◆ **Assignment**
The listing that follows must be given again in full and exactly.

◆ **Records shown**
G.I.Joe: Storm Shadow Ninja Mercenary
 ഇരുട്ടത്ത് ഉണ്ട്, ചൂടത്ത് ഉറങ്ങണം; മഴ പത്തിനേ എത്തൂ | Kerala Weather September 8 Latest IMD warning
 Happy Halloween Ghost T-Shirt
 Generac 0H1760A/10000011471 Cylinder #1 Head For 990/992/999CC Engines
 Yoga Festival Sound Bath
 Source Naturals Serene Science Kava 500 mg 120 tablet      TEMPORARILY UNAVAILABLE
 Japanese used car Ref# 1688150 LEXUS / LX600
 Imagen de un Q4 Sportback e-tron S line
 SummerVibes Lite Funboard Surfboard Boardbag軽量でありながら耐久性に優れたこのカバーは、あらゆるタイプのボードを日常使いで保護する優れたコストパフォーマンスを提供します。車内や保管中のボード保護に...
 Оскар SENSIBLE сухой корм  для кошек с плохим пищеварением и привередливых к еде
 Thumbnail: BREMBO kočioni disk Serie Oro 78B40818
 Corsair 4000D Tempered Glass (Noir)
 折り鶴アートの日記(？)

◆ **Answer to this problem**
G.I.Joe: Storm Shadow Ninja Mercenary
 ഇരുട്ടത്ത് ഉണ്ട്, ചൂടത്ത് ഉറങ്ങണം; മഴ പത്തിനേ എത്തൂ | Kerala Weather September 8 Latest IMD warning
 Happy Halloween Ghost T-Shirt
 Generac 0H1760A/10000011471 Cylinder #1 Head For 990/992/999CC Engines
 Yoga Festival Sound Bath
 Source Naturals Serene Science Kava 500 mg 120 tablet      TEMPORARILY UNAVAILABLE
 Japanese used car Ref# 1688150 LEXUS / LX600
 Imagen de un Q4 Sportback e-tron S line
 SummerVibes Lite Funboard Surfboard Boardbag軽量でありながら耐久性に優れたこのカバーは、あらゆるタイプのボードを日常使いで保護する優れたコストパフォーマンスを提供します。車内や保管中のボード保護に...
 Оскар SENSIBLE сухой корм  для кошек с плохим пищеварением и привередливых к еде
 Thumbnail: BREMBO kočioni disk Serie Oro 78B40818
 Corsair 4000D Tempered Glass (Noir)
 折り鶴アートの日記(？)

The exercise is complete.